- Interactive map of BB's

Restaurant information
- Owner: Justin Bella
- Head chef: Robbie Hojilla
- Food type: Filipino
- Rating: Bib Gourmand (Michelin Guide)
- Location: 5 Brock Avenue, Toronto, Ontario, Canada
- Coordinates: 43°38′31.3″N 79°25′56.5″W﻿ / ﻿43.642028°N 79.432361°W
- Website: www.bbs.restaurant

= BB's (restaurant) =

Filipino restaurant in Toronto, Ontario, Canada

BB's is a Filipino restaurant in Toronto, Ontario, Canada.

==History==
The restaurant's name stands for Bahay ni Bella ("Bella's House" in Tagalog), referencing the owner, Justin Bella's, last name. The restaurant originally opened up as BB's Diner in Toronto's Kensington Market neighbourhood located downtown. It closed in July 2020 following the restaurant's building being sold, before re-opening in its current incarnation in Parkdale.

==Concept==
It is known for its Filipino-influenced brunch offerings, with elements of French and Italian cuisine in its dishes.
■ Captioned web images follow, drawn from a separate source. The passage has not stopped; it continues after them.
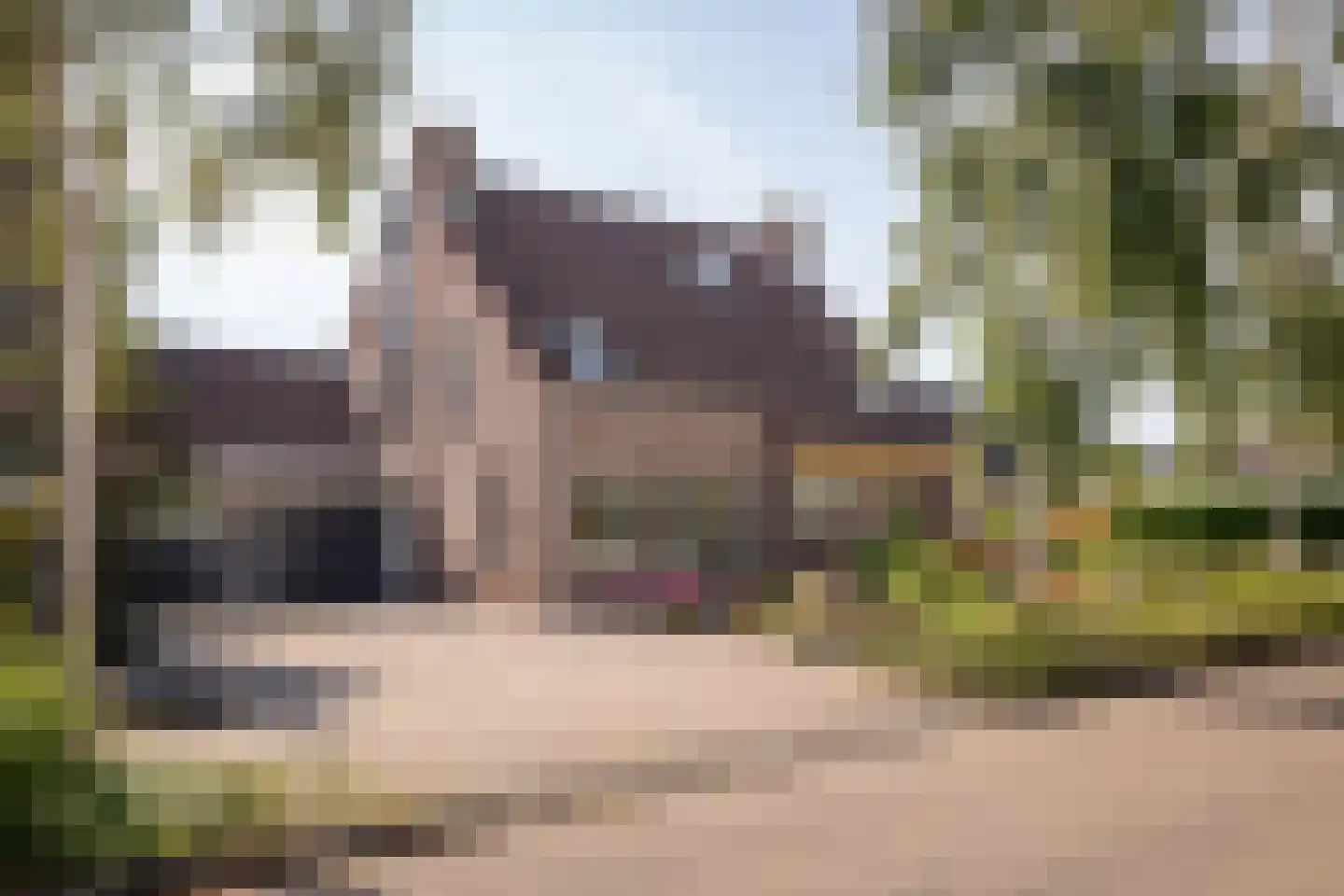 Molenwei 43 Hoogkarspel thumbnail 39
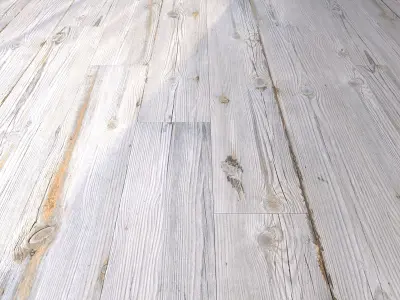 Yurtbay Larix Bone 20x120 Texture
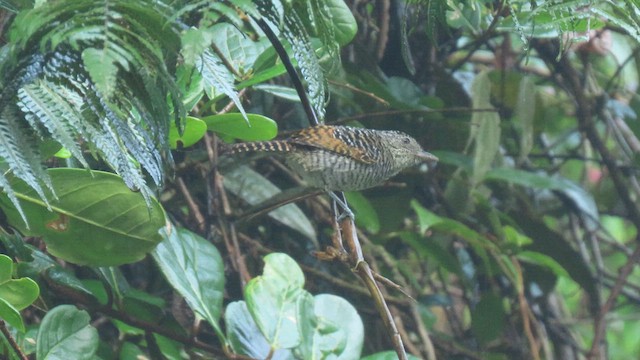 Bar-crested Antshrike - ML628979997
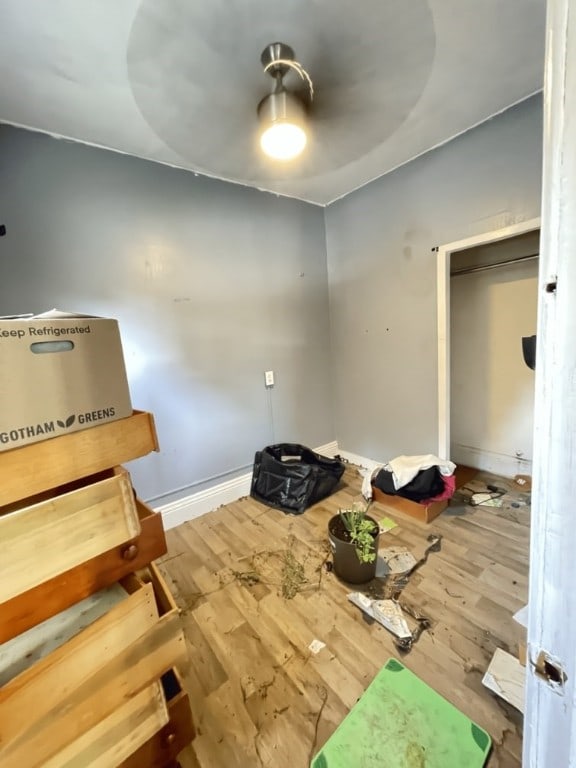 interior space with a closet and hardwood / wood-style flooring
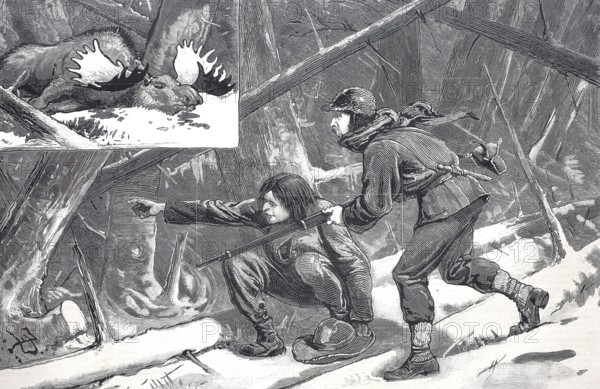 Moose hunt in Nova Scotia, Hunter with rifle and shot moose, 1880, Canada, Historical, digitally restored reproduction from a 19th century original, Record date not stated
In 2024, the restaurant began serving kamayan-style dinners, a traditional Filipino communal dining style where food is served on banana leaves and eaten with hands. BB's also offers a Filipino-influenced drinks menu, such as mimosas incorporating calamansi, a citrus fruit native to the Philippines.

==Recognition==
The business was named a Bib Gourmand restaurant by the Michelin Guide in 2023, and has retained this recognition each year following.